• [EXERCISE AIM] Except for images, print the whole listing verbatim.

--- RECORDED DATA Enclosed Below ---

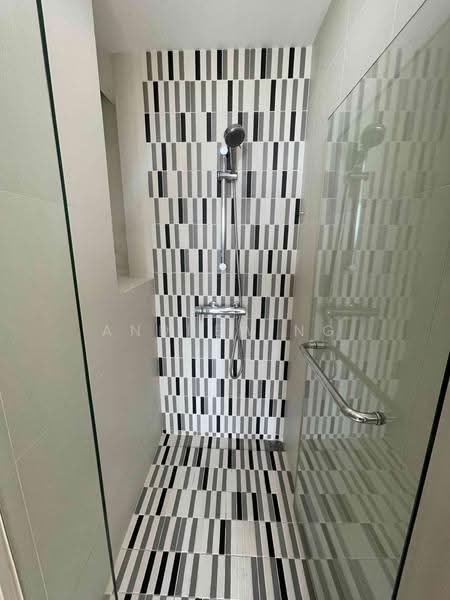 Southbank, 881 North Bridge Road, Beach Road / Bugis / Rochor, 1 Bedroom, 614 sqft, Condominium For Sale, by Andrew Ng, 500280403 - Bathroom - PropertyGuru.com.sg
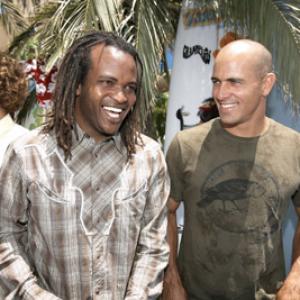 Kelly Slater and Sal Masekela at event of Surfs Up 2007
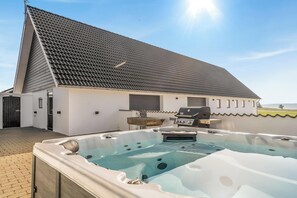 Terrace/patio - Luxury house with outdoor hot tub and activity room, and unique view of Thy. (Hanstholm)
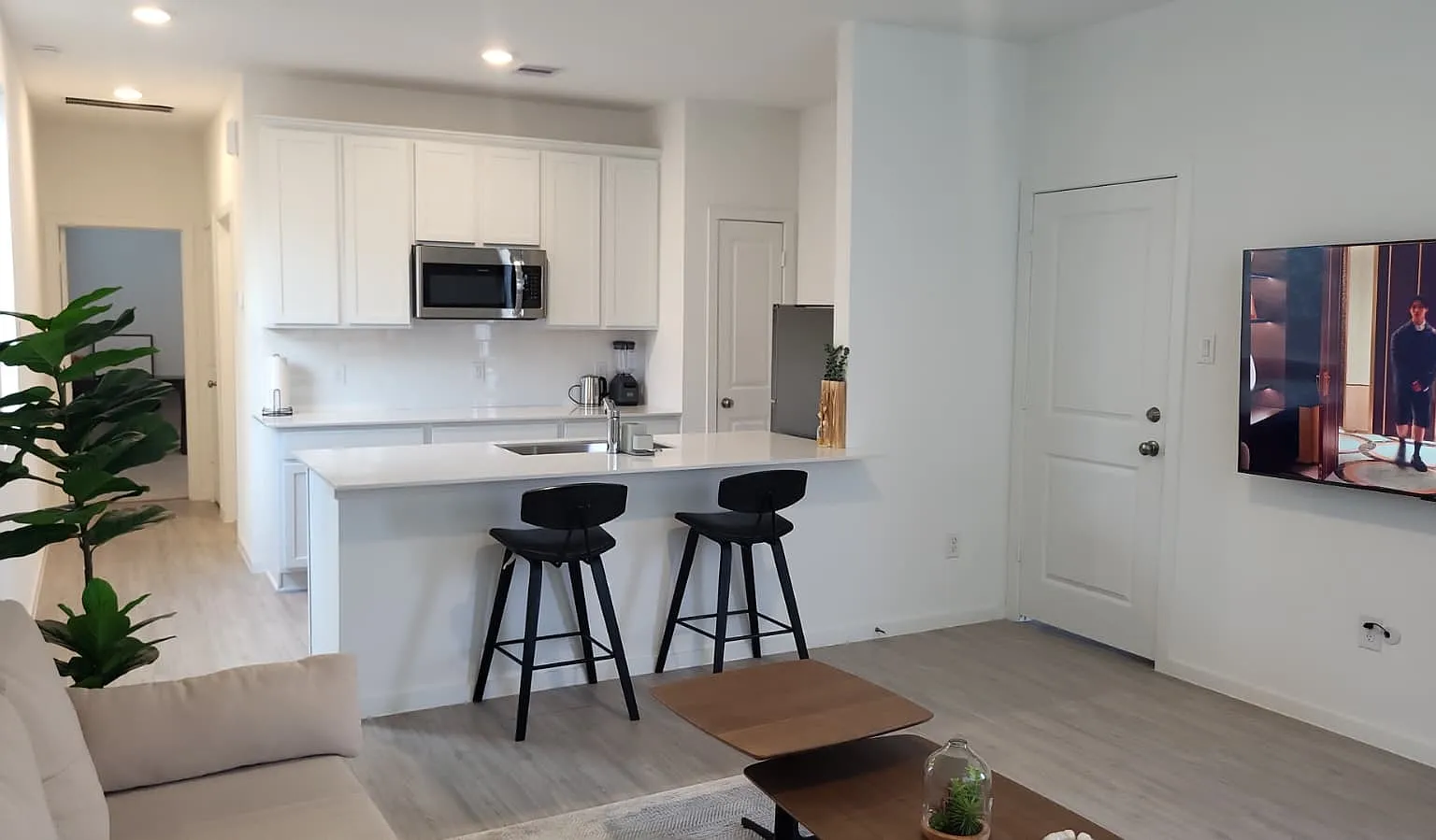1 bed, 570 sqft, $1,400 — Photo 1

--- End of Enclosed RECORDED DATA ---

• [WRITTEN ANSWER]
 Southbank, 881 North Bridge Road, Beach Road / Bugis / Rochor, 1 Bedroom, 614 sqft, Condominium For Sale, by Andrew Ng, 500280403 - Bathroom - PropertyGuru.com.sg
 Kelly Slater and Sal Masekela at event of Surfs Up 2007
 Terrace/patio - Luxury house with outdoor hot tub and activity room, and unique view of Thy. (Hanstholm)
1 bed, 570 sqft, $1,400 — Photo 1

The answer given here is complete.